Depuis quelques jours, l’ambiance chez Mobipel, l’une des filiales d’Iliade (le groupe maison-mère de Free) est électrique, depuis que les salariés et la direction ont vu sur les réseaux sociaux tourner les teasers de la nouvelle émission de Cash Investigation, présentée et animée par la pugnace Elise Lucet, qui entame sa sixième saison. D’autant que la thématique tombe parfaitement à propos : souffrance au travail et licenciements, soit une enquête sur le « monde merveilleux du travail » qui révèle l’envers du décor au sein de deux entreprises emblématiques, Lidl France et Free.
Diffusé à 20H55, le documentaire intitulé « Travail, ton univers impitoyable », et signé Sophie Legall, pointe en pleine réforme du Code du travail des méthodes de management aux conséquences parfois très lourdes, sans se départir de son style décapant.
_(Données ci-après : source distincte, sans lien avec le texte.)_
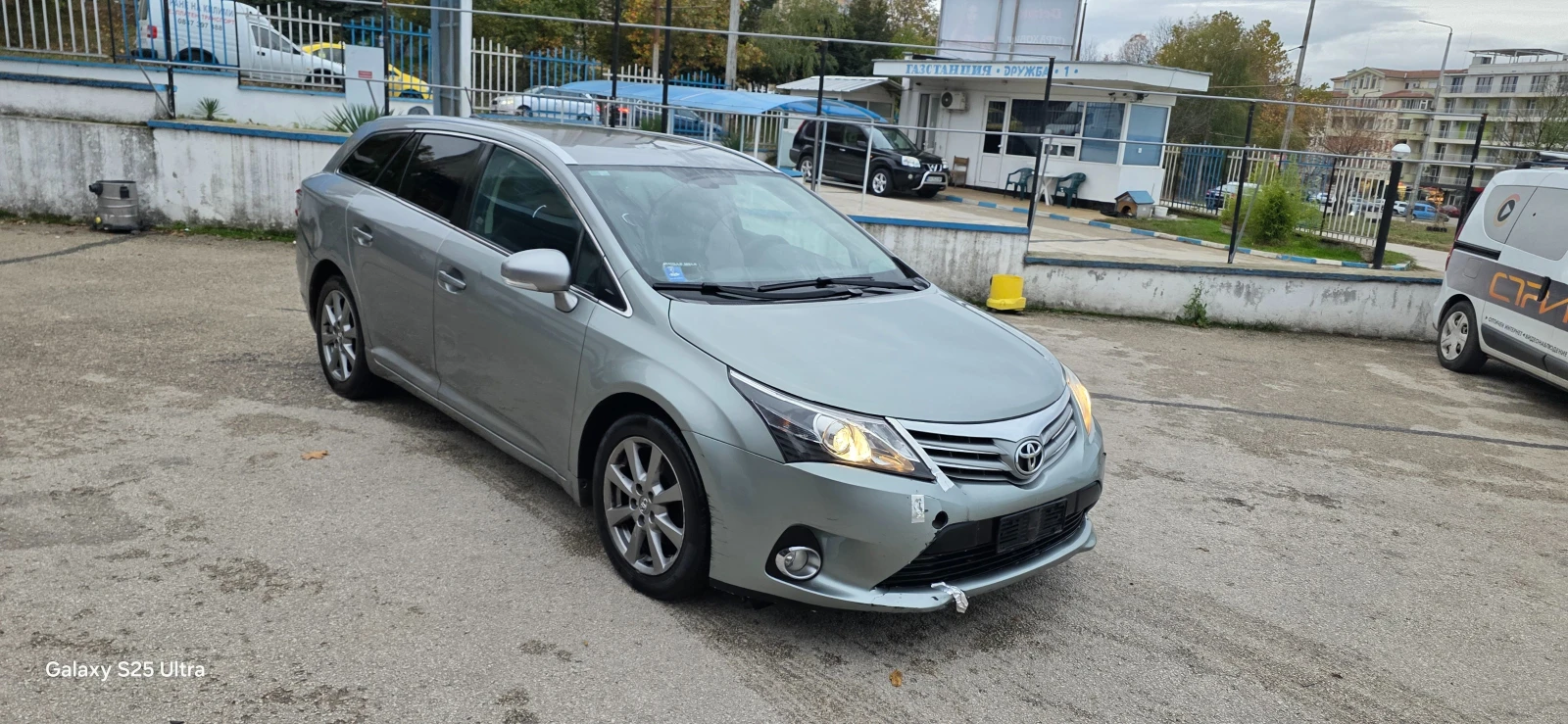Toyota Avensis 2.0d | Mobile.bg � ����������� 16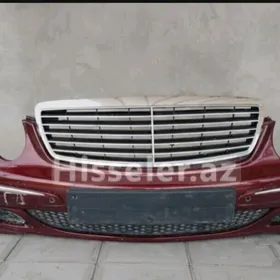 w211 Bumper Ablisowka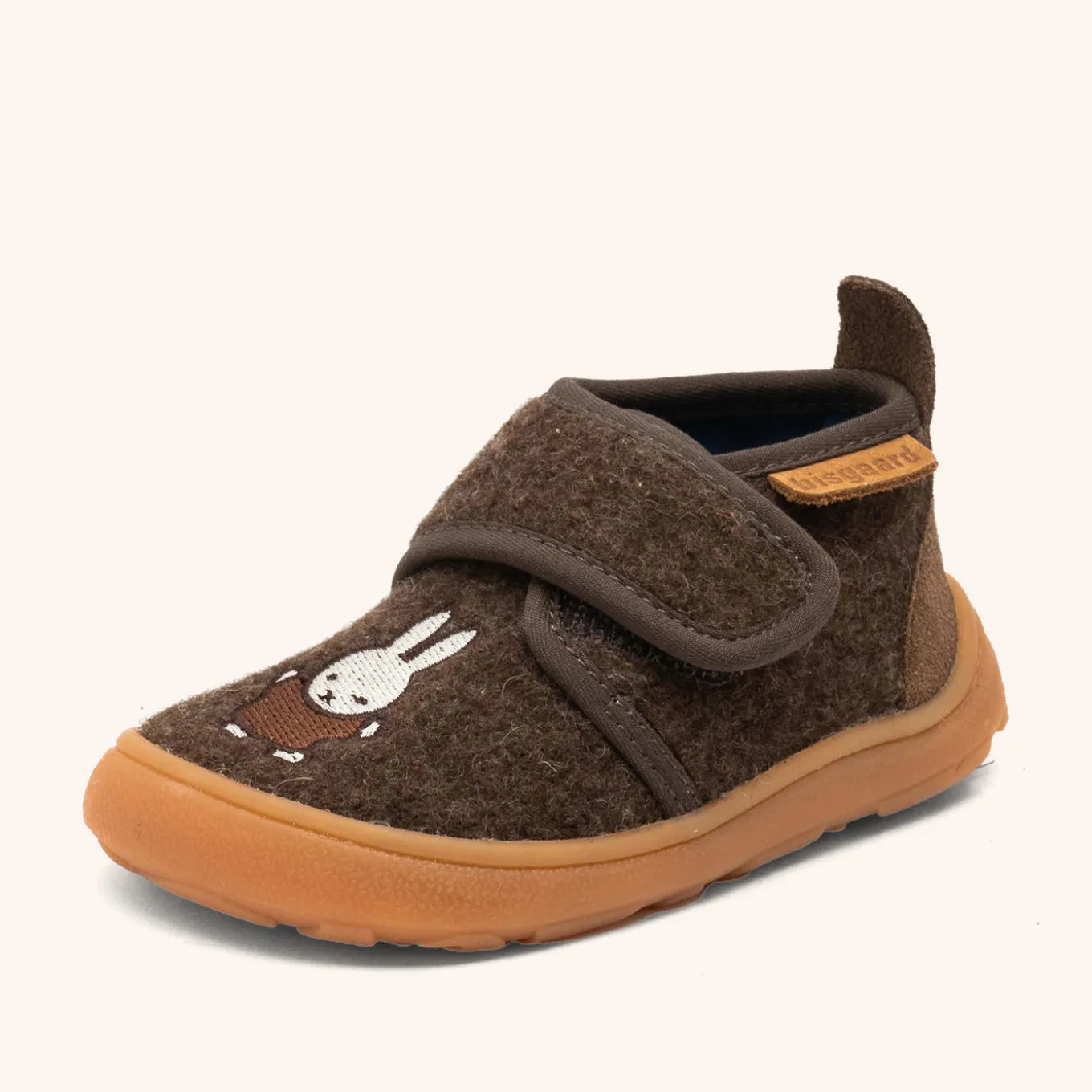 miffy x barefoot basic dark brown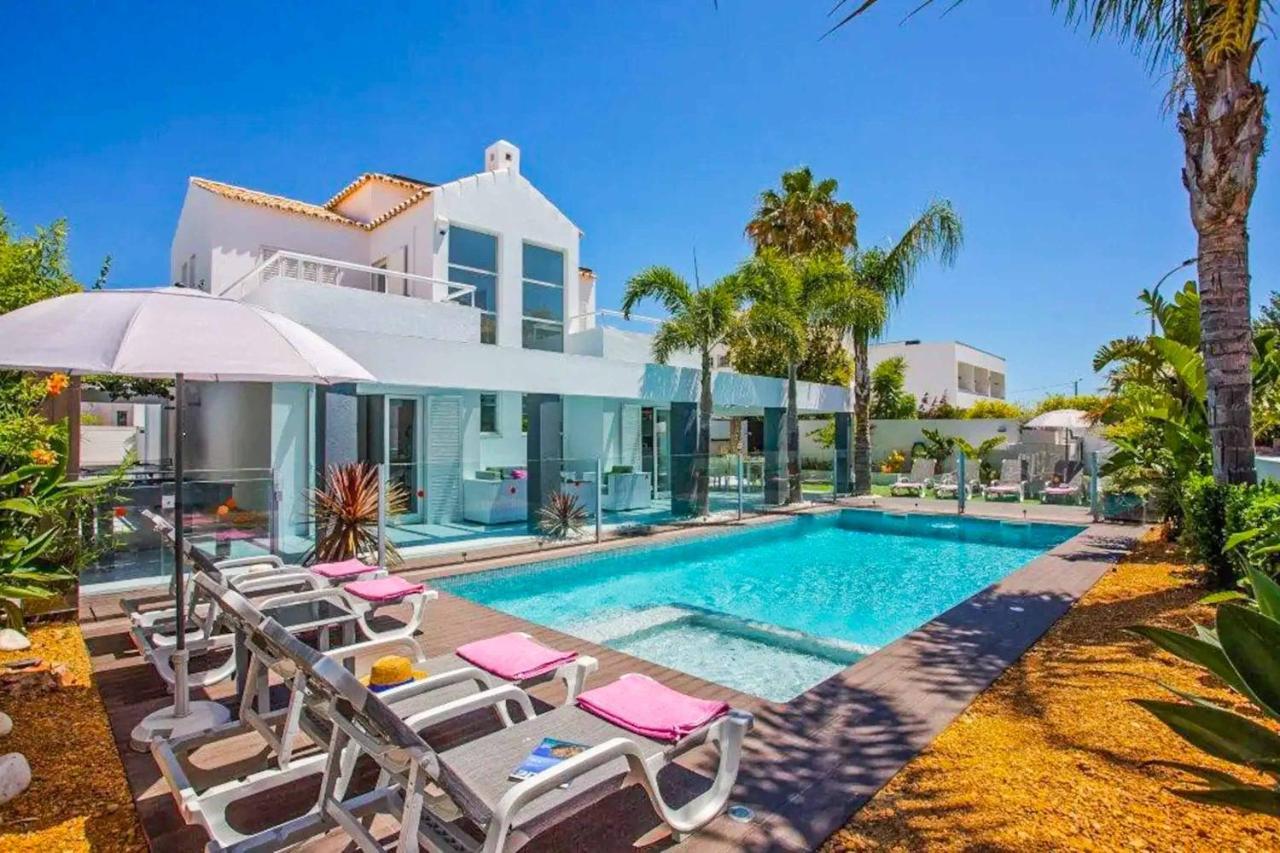 Villa Stefy Gale (Albufeira) Exterior foto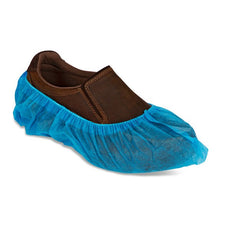 BootieButler Electric Shoe Cover Refill, Spunbound Polypropylene, Blue, 1050/Case - EB-1050NW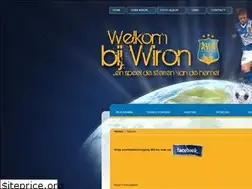 Sites similar to vvwiron.nl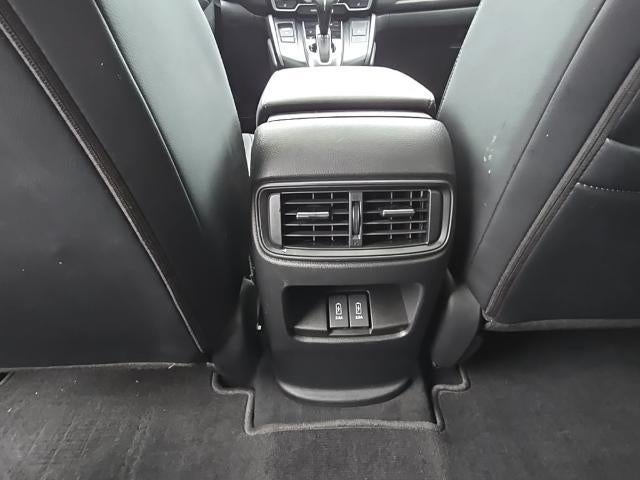 2018 Honda CR-V EX-L AWD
Et pourquoi chez Mobipel, fait-on grise mine ? Tout simplement, parce que cette filiale gère les centres d’appel de Free, le nerf de la guerre en matière de téléphonie mobile et d’accès à Internet. Les quatre opérateurs qui se livrent une guerre sans merci sur les prix, savent parfaitement que s’ils veulent augmenter leurs marges, c’est en abaissant la masse salariale, donc en délocalisant les centres d’appel dans les pays francophones. Ce que Free s’est toujours officiellement refusée à faire. Mais Cash va divulguer ce soir que l’entreprise a eu le projet de sous-traiter les appels vers Madagascar et que des contacts avec des entreprises locales ont été pris et des acomptes versés.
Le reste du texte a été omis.